Person Identification

The process of establishing a person’s identity as a citizen, registered by a public authority. The techniques used to establish this identity vary from scanning physical, formal documents, to verifying verifiable credentials with a public authority in combination with biometric matching, to verifying that the user’s eID card.

Person Authentication

The process of establishing the presence of the person that was identified and registered before using person identification.

Persona

A Persona in TrustBuilder reflects the type of activities a users (e.g. people or devices) want to undertake and allows these activities to be clearly segregated, for reasons of user convenience and/or for reasons of separation of duties. A Persona also gives a user an identity specific for a given context and purpose, and as such has its own set of attributes. TrustBuilder.io policies use the selected Persona to decide whether certain access can be granted or not. Thanks to the concept of Persona, TrustBuilder.io also enables Delegated Administration in a very natural and secure way.

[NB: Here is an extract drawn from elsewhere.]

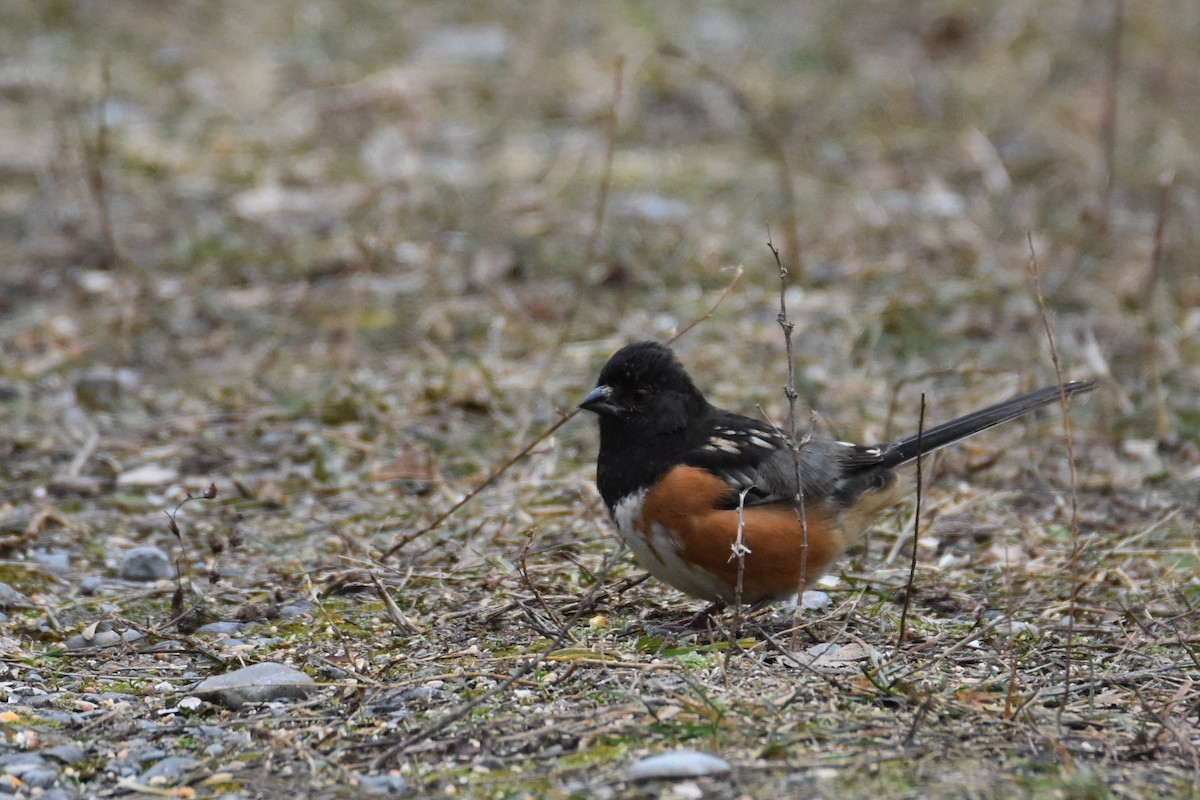 Spotted Towhee - ML198968961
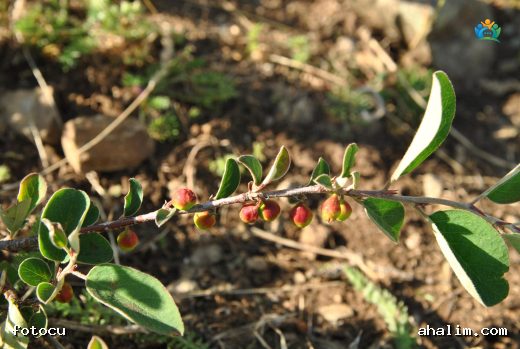 Dağ Muşmulası (Cotoneaster nummularius): Dağların Yeşil Halısı — cover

Persona Lifecycle Management

TrustBuilder.io enables the user to manage their personas whereby one of the personas can be revoked, expired, and reactivated. The lifecycle of a given persona goes through stages of pending and accepted, and potentially revoked, expired or suspended. Important to highlight is that a user profile can remain active, while its personas have their own lifecycle in which they can be revoked. For example, a user may keep their user profile, while all personas are inactive so that the user is de facto blocked from all access.

Policy

TrustBuilder.io offers the processes of authentication, authorization, attestation and provisioning to be fully policy-driven, whereby a Policy is configured in a policy language that does not require any coding. When configuring service providers and identity providers, the Admin Portal allows you to attach a policy to every method exposed by the provider. A policy is basically a set of rules that can take any attribute into account (user profile attributes, derived attributes, persona-related attributes including RBAC roles) as well as the context, such as session and device parameters. A policy in TrustBuilder.io is fundamentally declarative and describes “under which circumstances can access be granted”. A policy also contains triggers for further user action or other type of action such as provisioning.

Policy-driven

A unique characteristic of TrustBuilder.io is its policy-driven approach to authentication, authorization, attestation and provisioning.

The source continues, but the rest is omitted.